Acquisitions have become a regular occurrence in the gaming industry, with the frequency of major purchases only increasing over the last several years. This includes a $68.7 billion deal from Microsoft to acquire Activision Blizzard on Jan. 18—something that has become the focal point of a larger conversation around the health and competitiveness of the industry.
Since the deal was first announced, many voices within gaming have spoken up about how this deal could cause harm to the industry as a whole, with Sony one of the loudest in voicing this opinion.
But, Microsoft is doing everything it can to get a specific message across with this deal—reinforcing it is a good thing and that, as gamers, if this deal goes through “we all win.” And, to help push that, a new website dedicated to Microsoft’s vision for the deal is now live, including a compilation of statements, infographics, and more.

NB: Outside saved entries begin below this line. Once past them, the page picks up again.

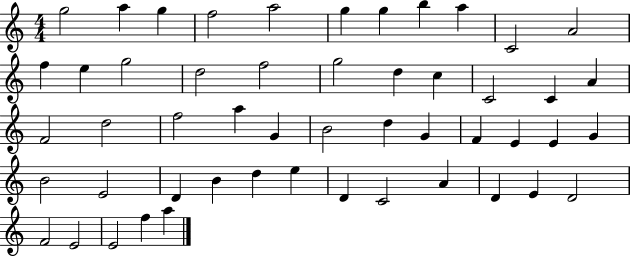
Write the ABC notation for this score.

X:1
T:Untitled
M:4/4
L:1/4
K:C
g2 a g f2 a2 g g b a C2 A2 f e g2 d2 f2 g2 d c C2 C A F2 d2 f2 a G B2 d G F E E G B2 E2 D B d e D C2 A D E D2 F2 E2 E2 f a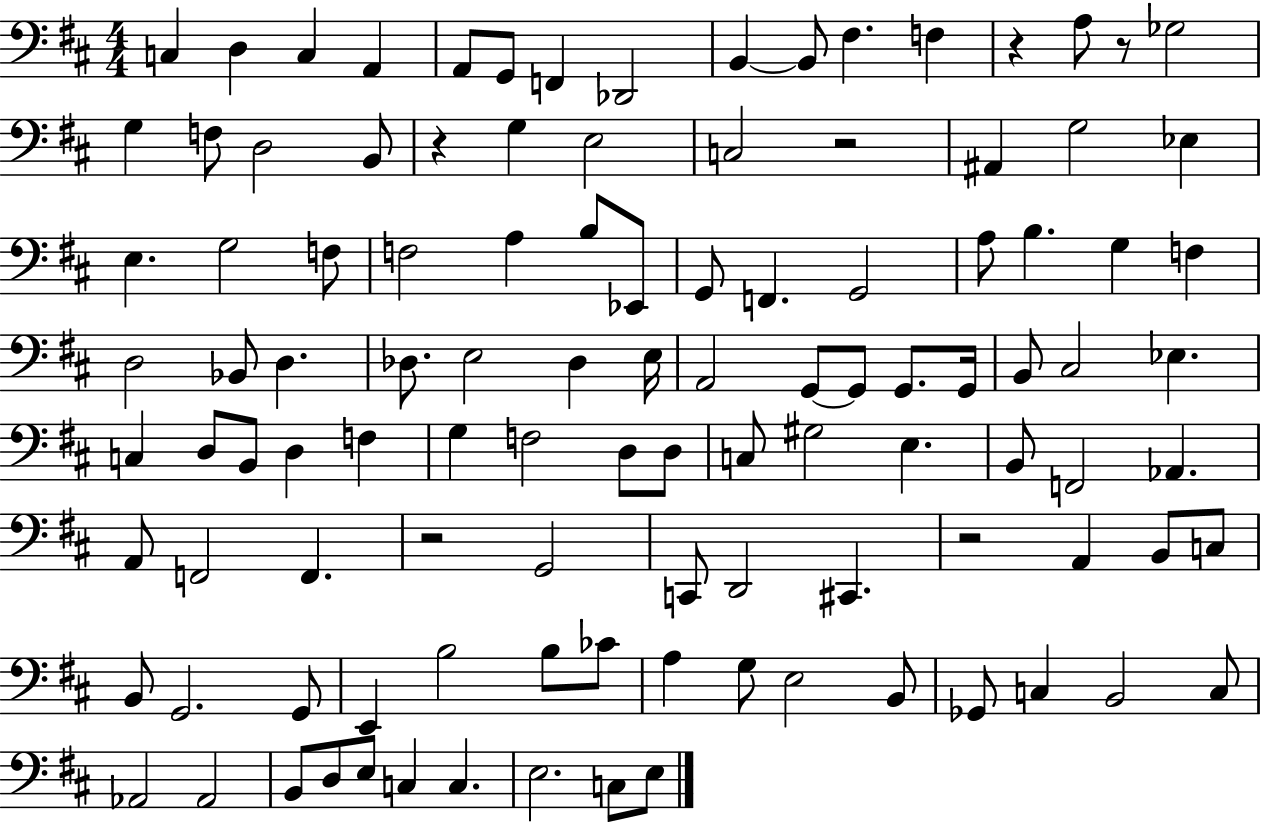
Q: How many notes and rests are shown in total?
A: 109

The page is titled headlined by a big header of “Our vision for gaming: More choice and more games for people everywhere,” with a good portion of the content working to assure fans, and likely any company or reviewing body this resource is shared with, that it won’t limit AB games to Xbox platforms.
Mention of giving players a choice in where they want to buy their games, making more titles available on multiple platforms, and helping developers in several ways are all shared with a distinct focus on Call of Duty, PlayStation, and the mobile market.
It appears Microsoft’s core goal now is to double down on what it has been saying since February; the company wants to use this deal as a springboard to invest in innovation that will end up bringing games to more people across more platforms—listing PlayStation, Nintendo, and mobile as the core areas of growth.
Sony has been one of if not the most vocal company protesting this acquisition, with VGC most recently reporting that PlayStation Sony Interactive Entertainment CEO Jim Ryan flew to Brussels to discuss the deal with European Union regulators amidst ongoing investigations. This mostly centers around the ongoing ideal that Microsoft gaining control of AB’s large array of IP like CoD may have “major negative implications for gamers and the future of the gaming industry.”
And, while Microsoft continues to position itself by saying it wants to bring the same version of CoD to PlayStation at the same time as Xbox if the deal goes through, the question of eventual console exclusivity is still a subject of scrutiny.
As for the Nintendo section, Microsoft has only stated it wants to potentially bring more titles to the Japanese developer’s devices in the future, such as CoD.
Mobile is the other big area where Microsoft has focused its messaging, noting that the AB acquisition will allow the company to expand its alternative offerings to the mobile gaming audience where “a couple of big players dominate.” This would be done through development specifically for mobile and the use of Xbox’s cloud game streaming technology.
We could still be waiting a while for the U.S. Federal Trade Commission, U.K.’s Competition and Markets Authority, and other European regulators to finish their investigations into the deal and if it will “result in a substantial lessening of competition” within the gaming market.
And for all Microsoft claims it wants to “enable world-class content to reach every gamer more easily across every platform,” this is still a business at the end of the day.